Having been at the GRC Dreamzone event in Paris, I have been at the forefront of the futuristic thinking in terms of Security and GRC related themes. With an eye on the future, many of the traditional principles have been brought into question, including least privilege access.
As implementation partners, we are often attempting to bridge the gap between technical solution and business challenge. In order to build an appropriate security solution, we appreciate that it requires knowledge of the business but also requires technologists to translate that into an effective solution design.
That can lead to a “lost in translation” scenario where a beautifully elegant solution may not fit the business risk requirements, can be ruined by poor business decisions or rendered outdated as the business evolves. This is especially true if the security is designed on the least privilege principles as the authorisations are deliberately intended to provide just enough access but no more. This means that your business approvers must also understand that and make good decisions accordingly, which often proves a challenge especially if they do not fully understand the technical design.
Given that applications are no longer isolated but are integrated and combined to form a patchwork quilt of application and access, perhaps it’s time to remove the constraint from the technical aspects and re-focus on empowering the business to make appropriate risk based decisions?
If the business requirements change, do we really want to have a time-consuming change request process to make changes to the building blocks of authorisation through a technical team, and have that repeated across all impacted applications? Why not have authorisations updated based upon business understanding of the potential risk or better yet, dynamically, based upon user information or situations e.g. change of operational unit, assignment of project or travel requirements / location?
The major challenge here is defining an authoritative source for that user information. If you are to place reliance on this data, it will need to be full, accurate and timely. Many organisations have tried it with both active directory and HR based data sources and it always proves problematic but if we can overcome that information management challenge, what then?
Perhaps change to a policy based approach that allows “most permissive” rather than “least privilege”. Use policies to allow or deny based upon user attributes automatically. That way, you can reduce the need to manage granular restrictive access authorisations but still retain control through the policy statements or rules.

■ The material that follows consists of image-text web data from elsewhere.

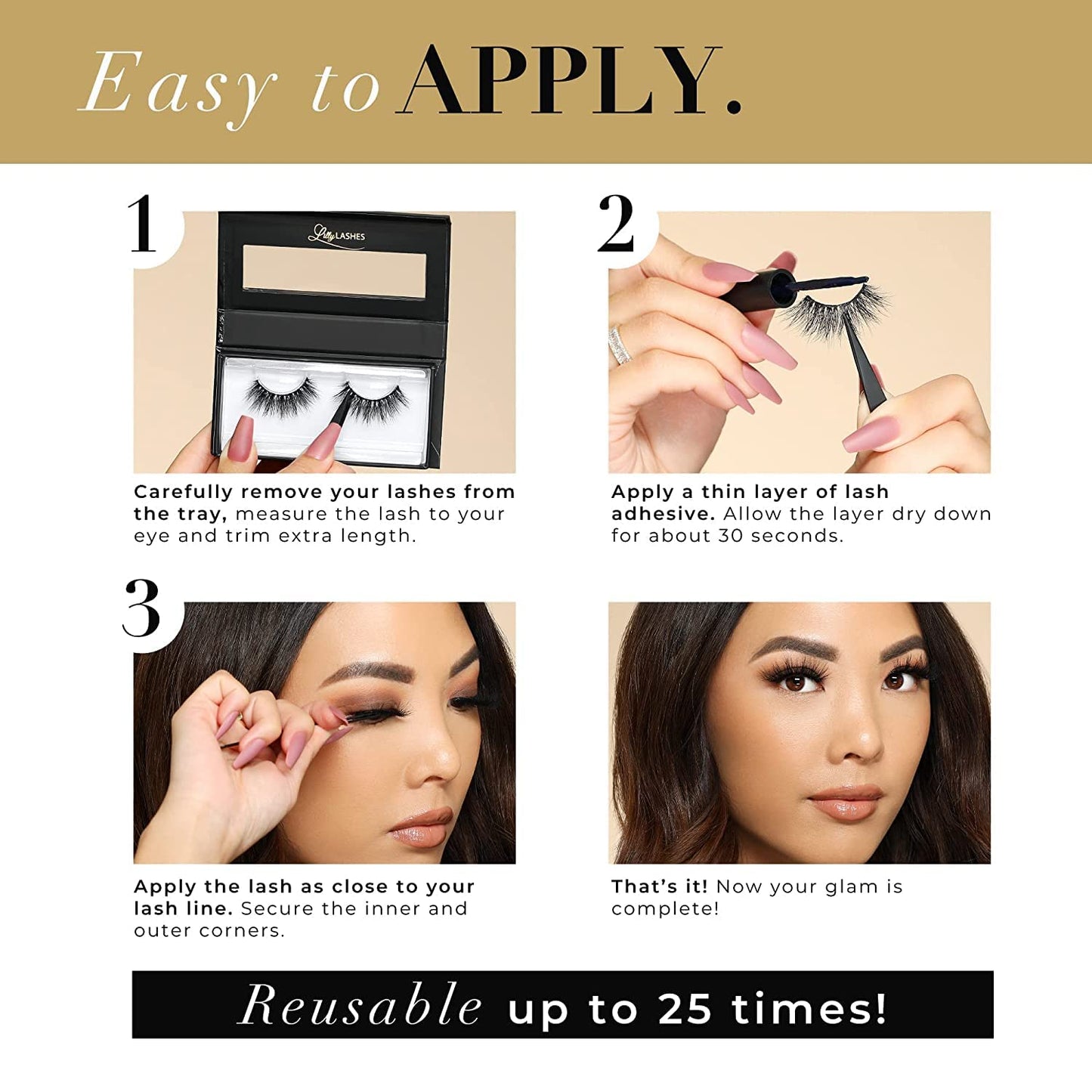 Lilly Lashes HOUSTON Premium Synthetic Mink Lashes, One Pair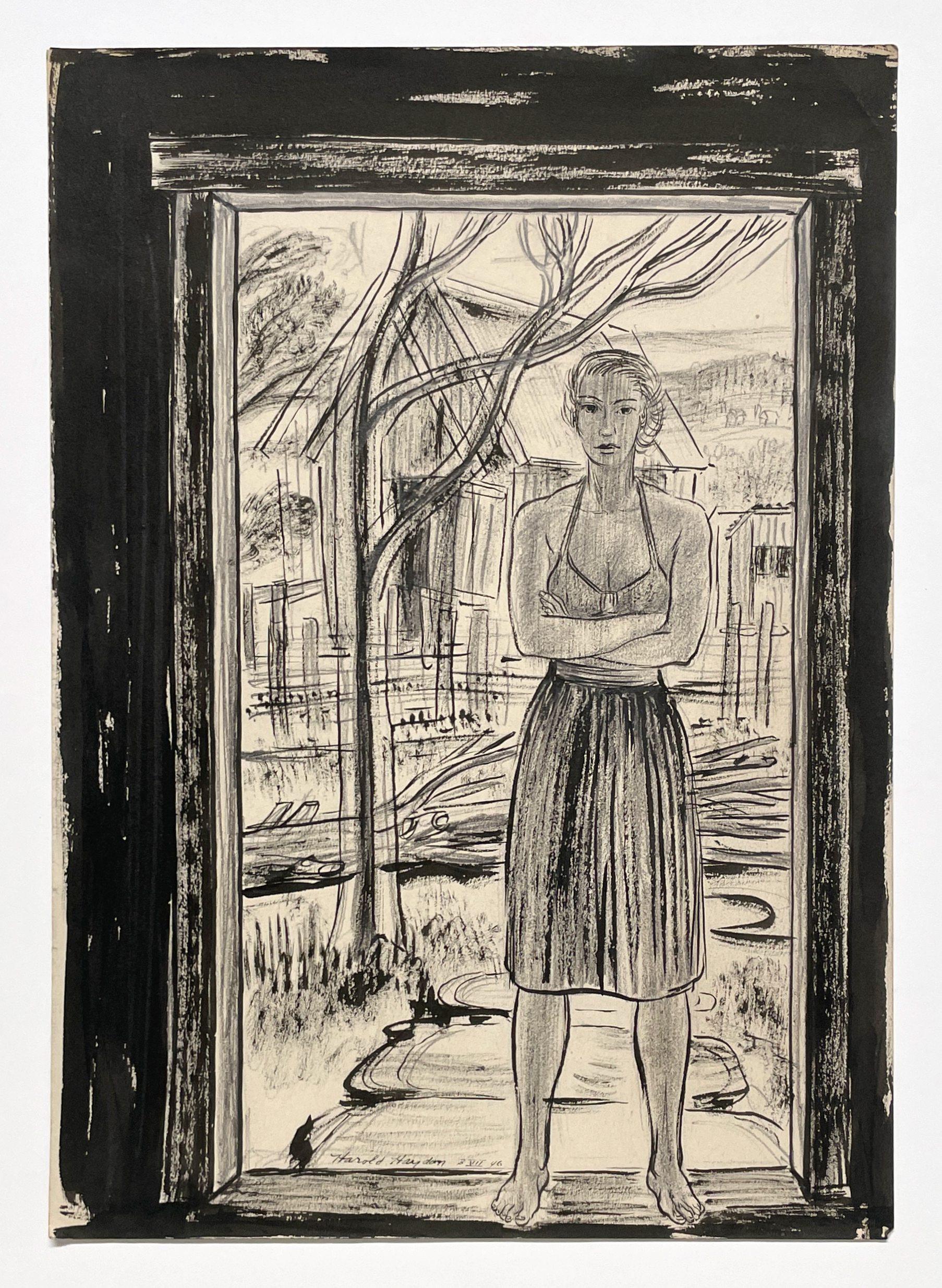 Scène de studio moderne de 1946 dans le Vermont, modèle féminin debout dans l'embrasure d'une porte - Modernisme américain Art par Harold Haydon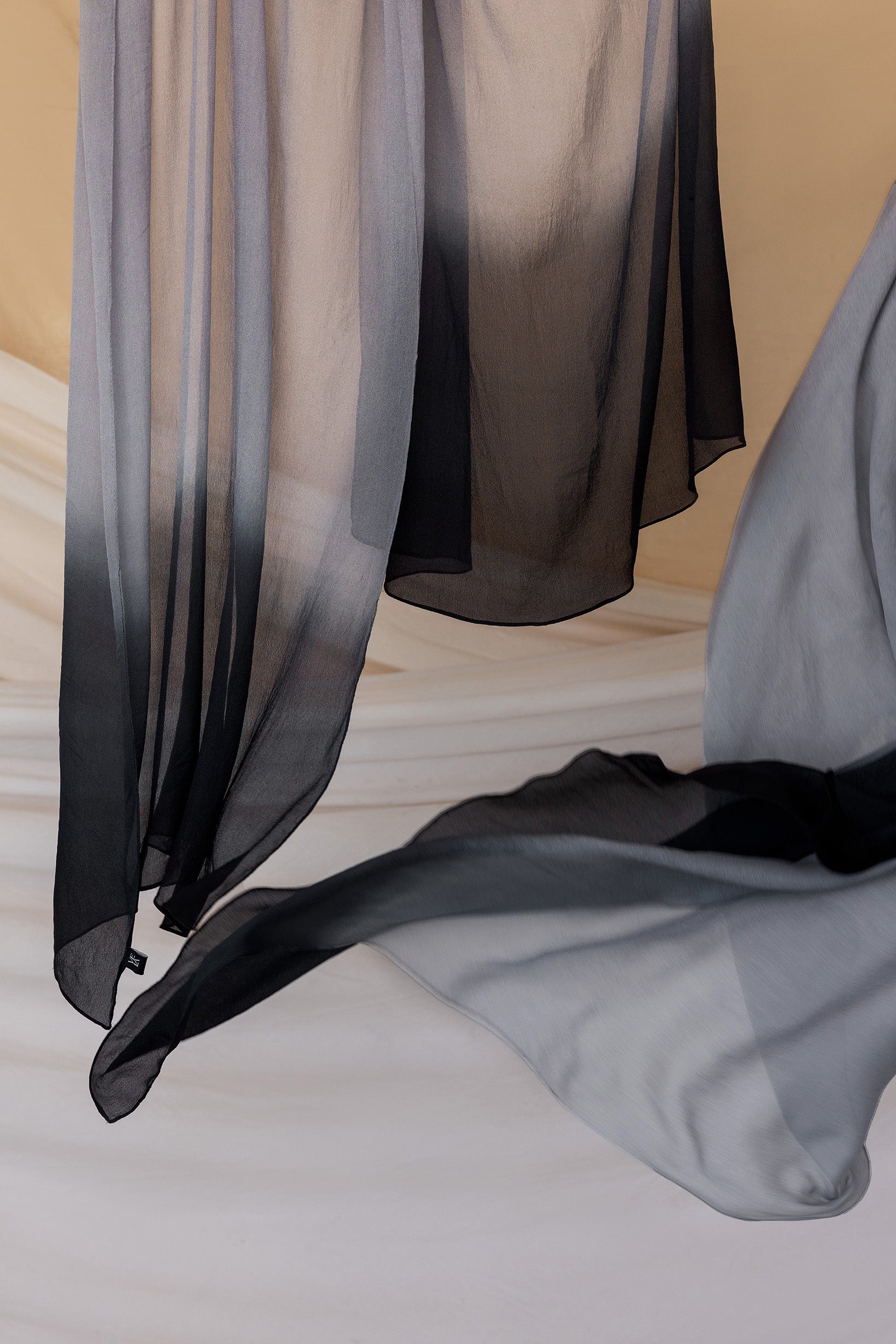 Ombre Grey Silk Chiffon Fabric - Elegant & Lightweight for Dresses, Scarves & DIY Fashion Projects | Perfect for Evening Gowns, Bridal Wear & Home Decor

You can still deny access as a default if required, but reduce the effort in administrating individually restrictive roles down to a granular level that only security technical analysts understand. Place the controls in the hands of the business by allowing them to make the policies (with guidance) in language they understand. If the policies are right and the user source data is complete & accurate enough, authorisations can be assigned dynamically to reduce overheads and still retain the controls over access.